ENGINEERING COLLOQUIUM

Monday, December 7, 2015 / 3:30 PM, Building 3 Auditorium

Don Jennings

"The LEISA Instrument on New Horizons"

ABSTRACT -- Pluto and its moons were explored by the New Horizons spacecraft during an exciting, long-awaited encounter on 14 July 2015. New Horizons carries LEISA, the Linear Etalon Imaging Spectral Array, whose primary purpose is to identify the composition of surface ices and to map them in detail. LEISA and MVIC, the Multispectral Visible Imaging Camera, make up Ralph, New Horizons’ visible and infrared mapper. LEISA made several discoveries at Pluto. The planet’s surface has large, contrasting regions with varying concentrations of methane and more limited areas of water, carbon monoxide and nitrogen. Pluto’s largest moon Charon is covered mostly with water ice, but has small, isolated pockets of ammonia. LEISA was conceived and built at Goddard Space Flight Center specifically for the mission to Pluto. Begun in 1993, LEISA and the Pluto mission weathered many years of uncertainty before being given the go-ahead for flight development in 2001. Launched in 2006, the instrument took spectral images of Jupiter during the New Horizons flyby in 2007 and then settled in for eight years of cruise, with checkouts and testing along the way. This long effort came to fruition in the highly successful Pluto encounter. If NASA approves an extended mission, New Horizons will cap off this adventure with an up-close look at a Kuiper Belt Object.
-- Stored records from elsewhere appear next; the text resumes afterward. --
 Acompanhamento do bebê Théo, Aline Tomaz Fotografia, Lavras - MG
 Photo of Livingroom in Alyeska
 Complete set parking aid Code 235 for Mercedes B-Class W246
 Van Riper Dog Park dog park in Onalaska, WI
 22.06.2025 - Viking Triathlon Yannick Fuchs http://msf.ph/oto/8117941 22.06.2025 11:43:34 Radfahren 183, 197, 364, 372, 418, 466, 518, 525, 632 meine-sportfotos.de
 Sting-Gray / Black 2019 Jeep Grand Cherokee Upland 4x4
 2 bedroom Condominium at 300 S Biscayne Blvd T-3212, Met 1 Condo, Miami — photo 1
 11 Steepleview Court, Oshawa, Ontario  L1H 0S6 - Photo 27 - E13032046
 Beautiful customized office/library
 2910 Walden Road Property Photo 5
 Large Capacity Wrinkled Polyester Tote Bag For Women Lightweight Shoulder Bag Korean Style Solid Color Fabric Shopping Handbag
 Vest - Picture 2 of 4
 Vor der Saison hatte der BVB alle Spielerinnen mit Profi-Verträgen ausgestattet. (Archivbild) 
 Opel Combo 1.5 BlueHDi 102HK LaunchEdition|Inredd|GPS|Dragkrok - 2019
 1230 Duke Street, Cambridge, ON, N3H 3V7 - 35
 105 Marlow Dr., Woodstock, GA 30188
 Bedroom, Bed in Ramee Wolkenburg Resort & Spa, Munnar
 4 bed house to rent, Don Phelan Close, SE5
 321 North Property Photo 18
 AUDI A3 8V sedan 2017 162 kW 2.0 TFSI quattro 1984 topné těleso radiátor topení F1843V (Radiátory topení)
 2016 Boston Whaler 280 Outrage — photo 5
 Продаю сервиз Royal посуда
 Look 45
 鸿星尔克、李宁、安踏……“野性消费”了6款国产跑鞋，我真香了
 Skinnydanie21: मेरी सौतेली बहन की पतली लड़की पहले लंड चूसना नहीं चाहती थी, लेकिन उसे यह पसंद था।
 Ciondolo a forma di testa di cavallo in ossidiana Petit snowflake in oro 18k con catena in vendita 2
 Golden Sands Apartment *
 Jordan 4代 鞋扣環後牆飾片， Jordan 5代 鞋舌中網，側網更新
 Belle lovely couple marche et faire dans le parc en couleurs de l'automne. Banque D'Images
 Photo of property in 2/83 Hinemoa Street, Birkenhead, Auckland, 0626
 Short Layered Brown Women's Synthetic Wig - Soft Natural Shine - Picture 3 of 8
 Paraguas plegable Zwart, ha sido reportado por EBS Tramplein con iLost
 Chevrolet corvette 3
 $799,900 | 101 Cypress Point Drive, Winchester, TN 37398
SPEAKER -- Don Jennings is an astrophysicist in the Detector Systems Branch at Goddard Space Flight Center. His PhD is from the University of Tennessee and he has been at Goddard working in science and engineering since 1976. He has contributed instrumentation and been a scientific investigator on several planetary and Earth missions, and he also conducts ground-based observations of planets and the Sun. His most recent roles have included operations and science for the Cassini Composite Infrared Spectrometer (CIRS), which has worked successfully in orbit around Saturn for 11 years, and the New Horizons infrared imaging spectrometer, LEISA, which during the July 2015 encounter examined the surfaces of Pluto and its moons.